Introduction à l’économie politique de la réciprocité

Dominique Temple | 12 octobre 2018

  

La Genèse nous dit que le premier souci des hommes est de nommer toutes choses, mais cette immédiate appréhension du monde butte sur une énigme : l’homme ! Comment se nomme-t-il, comment se reconnaît-il ? Il lui faut abandonner la simple relation de connaissance du sujet et de l’objet. Le texte le plus célèbre de l’humanité en appelle à une nuit si profonde que toute représentation fût-elle celle du rêve s’efface. Et c’est de façon très étrange que l’homme découvre sa conscience : il la doit à l’autre dans une relation intersubjective : le mythe de la Genèse nous dit que l’homme reçoit l’aide de la femme qui est à la fois identique à l’homme puisque issue de son “côté” et pourtant irréductiblement différente.

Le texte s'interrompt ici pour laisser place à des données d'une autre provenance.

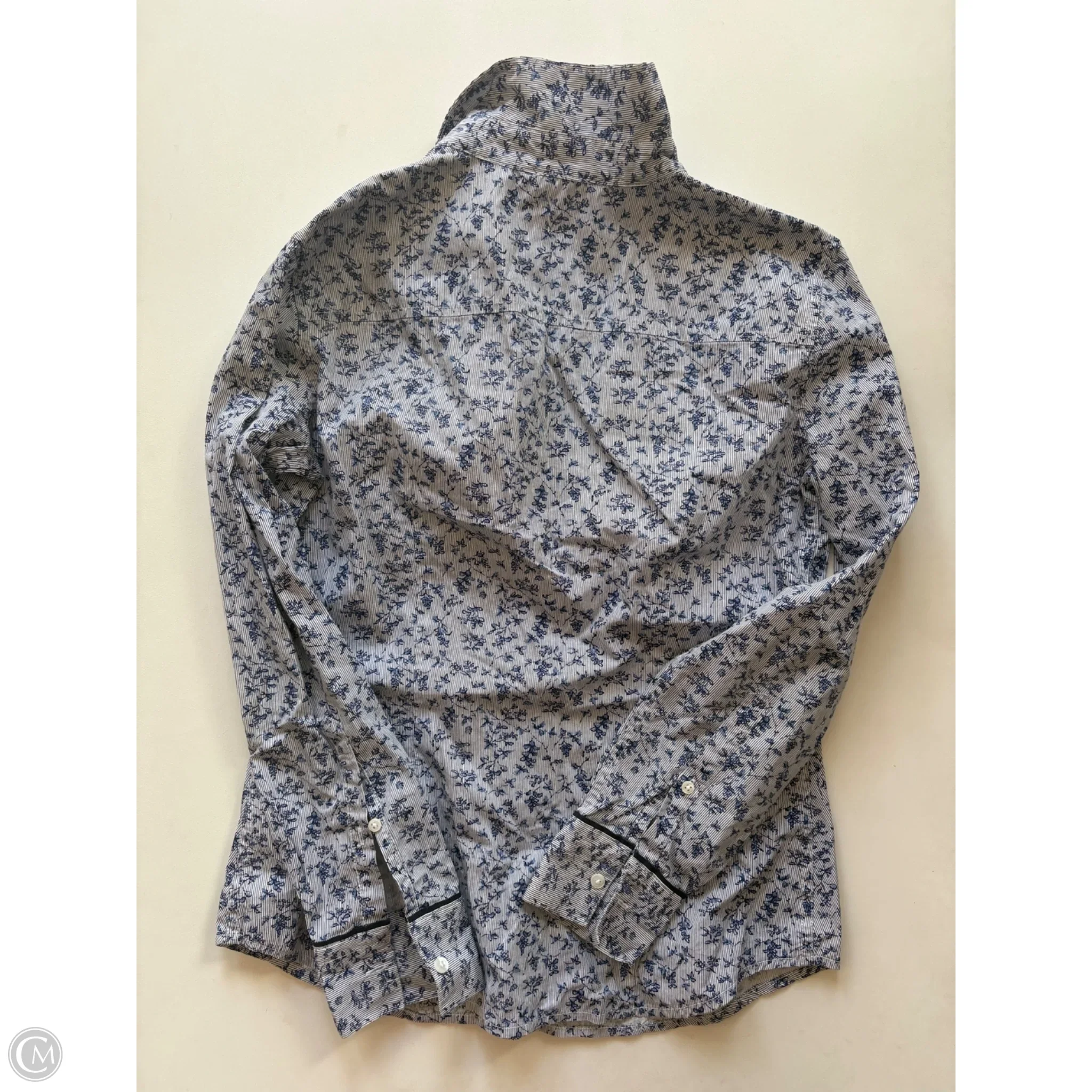 Top Long Sleeve By Brooks Brothers In Blue, Size: Xs - Image 2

Le Philosophe (Aristote) ne dit pas autre chose et avec la même force : si l’homme connaissait tout d’une façon absolue, il serait Zeus, ou bien encore, s’il était ignorant qu’il puisse être autre que ce qu’il est, il ne serait qu’une brute. Ce qui le définit est d’avoir besoin d’autrui pour se penser lui-même. C’est ensemble que l’on pense, dit Aristote. C’est par le fait que nous avons besoin d’autrui que nous pouvons créer ce qui se donne comme le propre de l’homme : l’esprit. Nous ne nous intéresserons qu’à cette proposition : ce que l’homme est pour la femme et la femme pour l’homme : la réciprocité.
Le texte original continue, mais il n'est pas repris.